8/19/00
News Report -- Charlestown (W.Va.) Gazette
The state of West Virginia will no longer do business with companies that employ illegal immigrants, Gov. Cecil Underwood announced Friday.
"Taxpayer dollars should not be used to conduct business with companies that operate outside the law to gain a competitive advantage," the governor said.
Underwood directed the state Division of Labor to prepare a list of companies that had employed illegal immigrants, and to share that information with the state purchasing division.
The southern West Virginia office of the U.S. Immigration and Naturalization Service has picked up a record number of illegal immigrants this year - 205 between Oct. 1, 1999, and Aug. 4, 2000, up from 168 the year before.
Early on May 23, INS officials raided the Coliseum at West Virginia University in Morgantown. In the raid, they removed 23 undocumented workers employed by USA Remediation of Warrenton, Va., and Keystone Abatement Services of Pittsburgh.
The workers were originally from Central America and Eastern Europe.
In sworn statements taken by the INS after the raid, 15 of 21 USA Remediation workers said they earned significantly less than the $21.45 an hour required by law. Many said they earned $11 or $12 an hour.
In July, several workers building a golf course at Stonewall Jackson State Park near Weston disappeared shortly before an INS investigator showed up. A Lewis County sheriff's deputy had discovered during a routine traffic stop that two of those workers lacked proper identification.

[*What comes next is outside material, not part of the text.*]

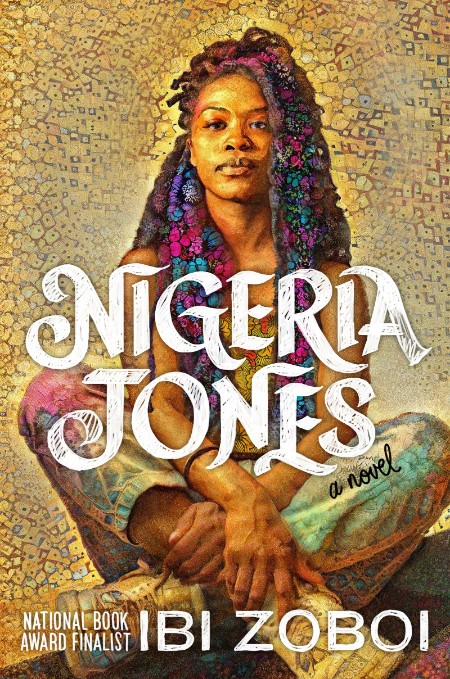 Nigeria Jones by Ibi Zoboi Fb79dcdd605441f6e5b117fa38781f9e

That contractor, Ranger Construction of Palm Beach, Fla., worked for McCabe-Henley, a Charleston developer that has a contract with the state Division of Natural Resources to build a golf course, lodge and cabins at Stonewall Jackson Lake.
The director of a statewide labor organization praised the governor for his decision.
"Great, it's about time," said Steve White, director of the Affiliated Construction Trades Foundation. "We're happy he's seen the light on this issue."
White blames the hiring of illegal immigrants at the WVU Coliseum on a bidding system that rewards the lowest bidder. If a bid is too low, he said, contractors are forced to cut corners on worker safety and quality.
"We should insist on high standards, instead of anything goes, with low bid as only consideration," White said.
"It's like the old adage: You get what you pay for."